## [Aim of the task]
Copy the listing below in full and skip every picture.
[Exercise inputs — start]
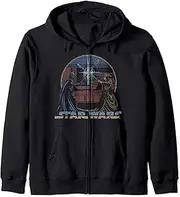 [STAR WARS] Vintage Fight Scene Zip Hoodie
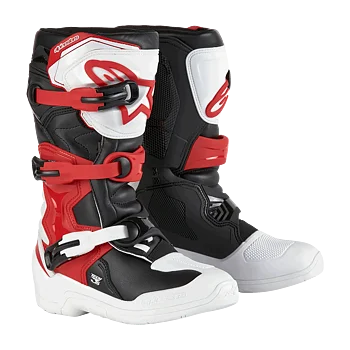 Alpinestars Youth Tech 3S MX Crossisaappaat Musta/ Punainen/ Valkoinen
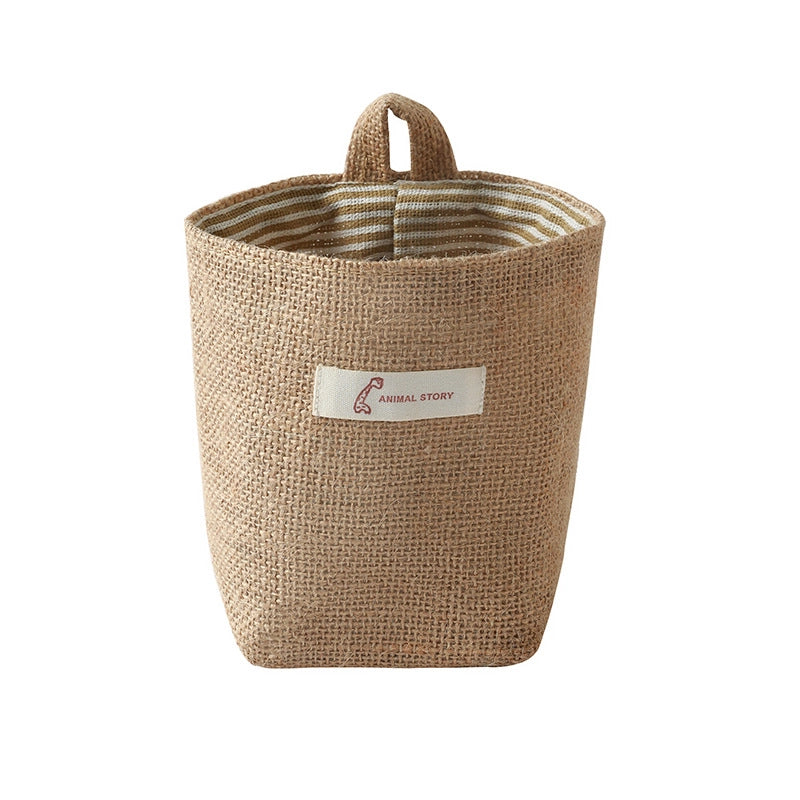 Hanging Bag Wall Hanging Dormitory Bed Mini Small Linen Bag Upper Bed Bedside Bedside Mobile Phone Door Back Storage Bag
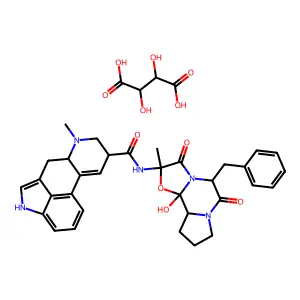 Ergotamine, tartrate structure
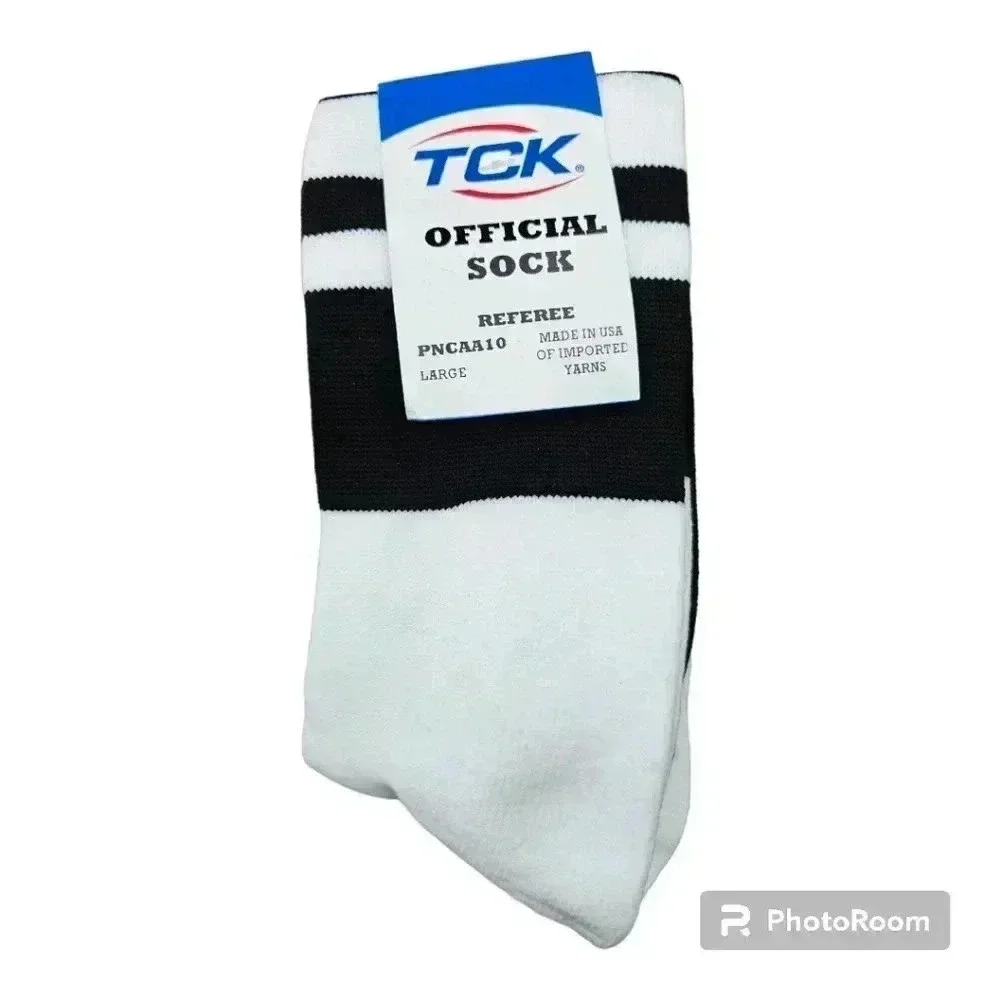 TCK Twin City Official Referee socks PNCAA10 NWT Large
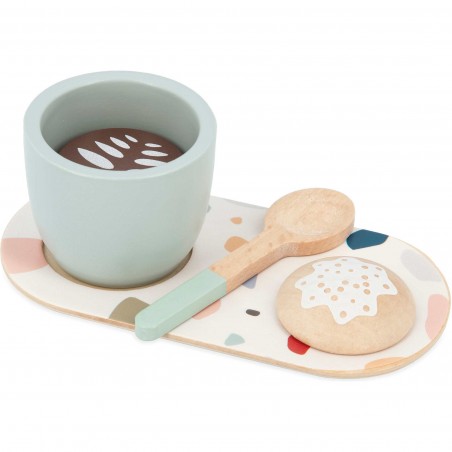 Set café jouet - Accessoires dinette bois, enfant dès 2 ans - Janod
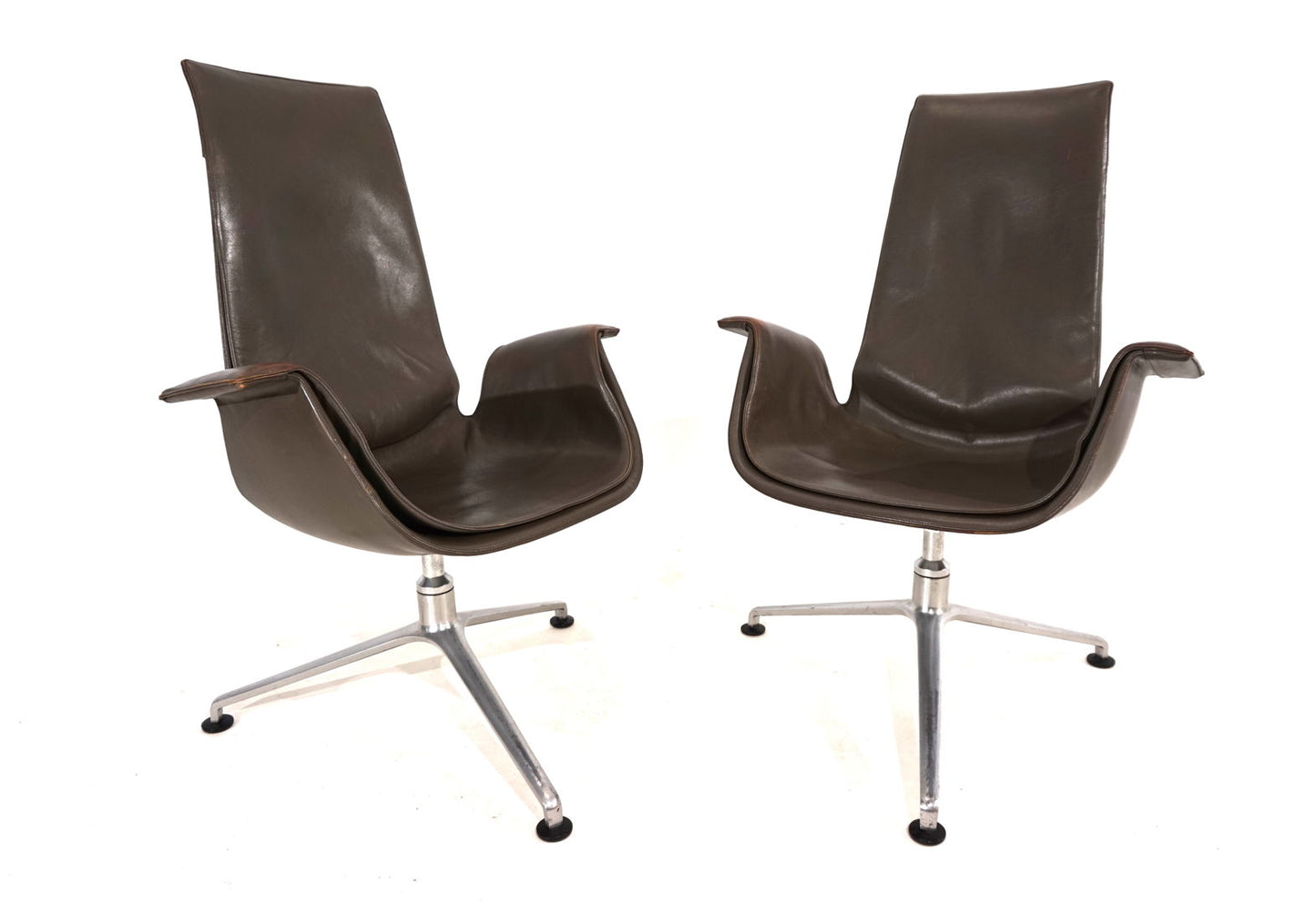 Set of 2 Kill International FK6725 leather chairs by Fabricius & Kastholm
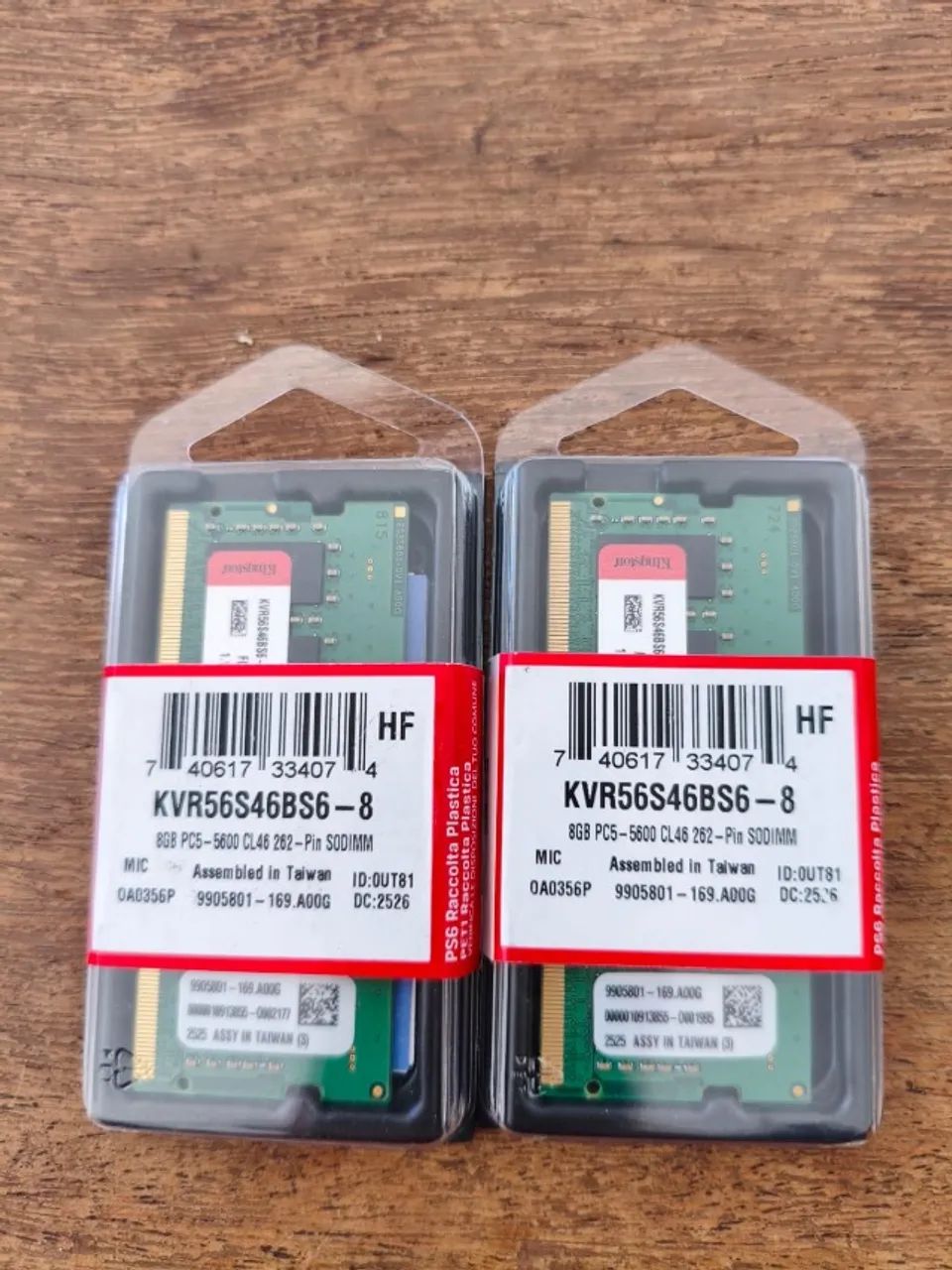 Memoria Notebook Kingston Ddr5 5600mhz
[Exercise inputs — finish]
## [Output below]
 [STAR WARS] Vintage Fight Scene Zip Hoodie
 Alpinestars Youth Tech 3S MX Crossisaappaat Musta/ Punainen/ Valkoinen
 Hanging Bag Wall Hanging Dormitory Bed Mini Small Linen Bag Upper Bed Bedside Bedside Mobile Phone Door Back Storage Bag
 Ergotamine, tartrate structure
 TCK Twin City Official Referee socks PNCAA10 NWT Large
 Set café jouet - Accessoires dinette bois, enfant dès 2 ans - Janod
 Set of 2 Kill International FK6725 leather chairs by Fabricius & Kastholm
 Memoria Notebook Kingston Ddr5 5600mhz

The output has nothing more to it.